Entelektüel olduğuna inanıp herşeye karşı çıkan kesim her zamanki gibi hemen“Hayır”ı, yani “Ohi”yi öğrenip benimsedi ve İstanbul sokaklarında üzerinde“Ohi” yazılı pankartlarla Yunanistan’a destek yürüyüşleri yaptılar...
Yunanca ile Türkçe, birbirlerinden asırlar boyunca karşılıklı olarak dünya kadar kelime aldı ve bu kelimeler günlük hayatta hâlâ kullanılıyor. Meselâ kullandığımız “anahtar” ve “kilit” gibi onlarca söz, balıkların neredeyse tamamının isimleri yahut denizcilikle ilgili terimlerin birçoğu Yunanca’dır; bizim yüzyıllar boyunca ettiğimiz ama artık unutmuş olduğumuz yüzlerce küfür de Yunanistan’da bugün de yaşamaktadır.

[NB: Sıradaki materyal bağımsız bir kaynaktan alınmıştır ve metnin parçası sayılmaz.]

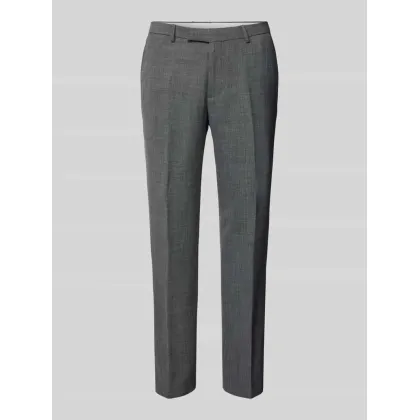 Zdjęcie Spodnie do garnituru o kroju regular fit ze szlufkami na pasek model ‘Ray’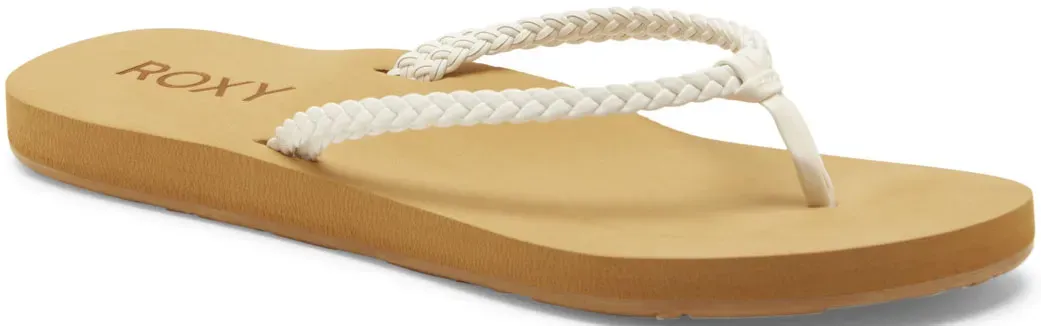 

Шлепанцы Roxy "COSTAS II", белый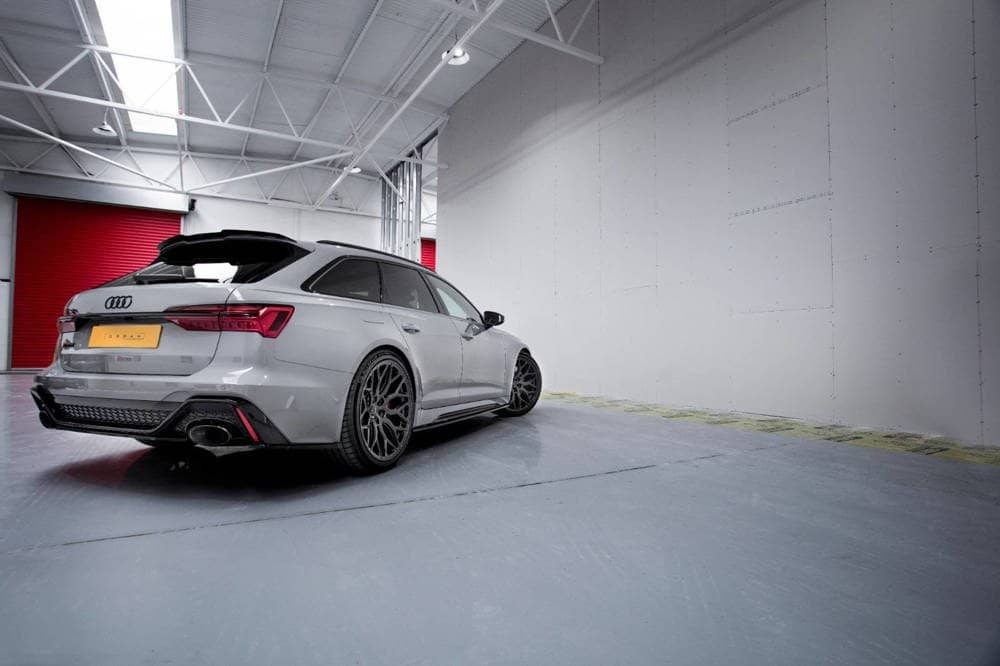Spoiler Cap V.1 for Audi RS6 C8 by Maxton Design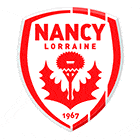 Флаг на футболен отбор домакин Нанси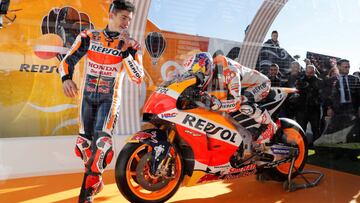 Márquez: "Ya estamos hablando con Honda para renovar"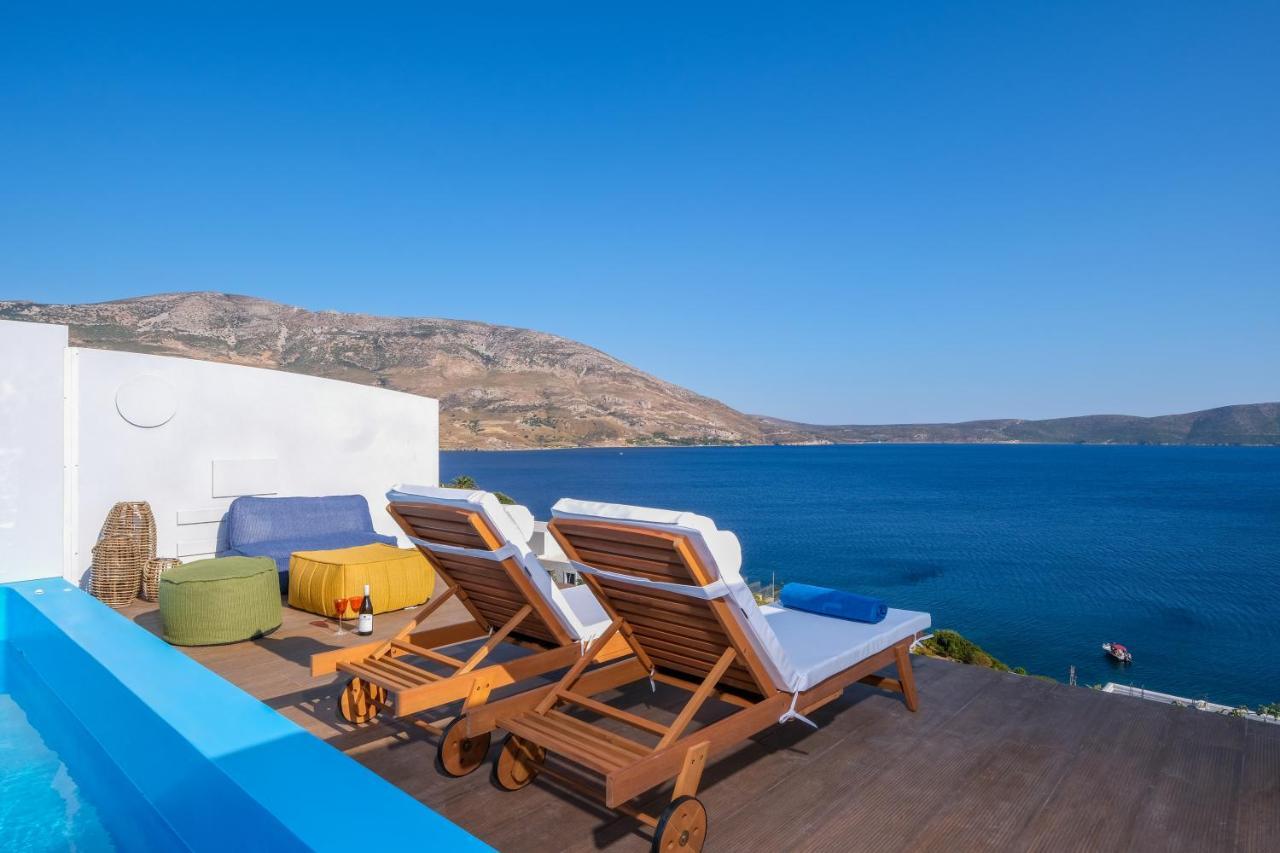 Aelia Collection Suites - Adults Friendly Linaria  Bagian luar foto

Biz, “Ohi” gibi slogan olarak kullanılan son Yunanca kelimeyi, tâââ 1918’de öğrendik; daha doğrusu İzmir ve Ege bölgesi süngü zoru ile öğrenmeye zorlandı...
‘KATO’ VE EN YÜKSEK MEVKİ
Bu kelime “Zito!” idi ve “Yaşa!” demekti.
1919’un 15 Nisan’ında İzmir’e çıkan Yunan birlikleri, rastladıkları Türk askerleri, subayları ve sıradan halkı “Zito Venizelos” yani “Yaşa Venizelos” diye bağırmaya zorlamışlardı. İşgalin şartlarını hazırlayan başbakanları Elefterios Venizelos’a silâh zoru ile de olsa sevgi gösterisinde bulunmayı kabul etmeyen Türkler’e etmedikleri zulüm kalmamış, hattâ “Zito” demeyi reddeden Albay Süleyman Fethi Bey’i de yirmi küsur yerinden süngüleyerek şehid etmişlerdi.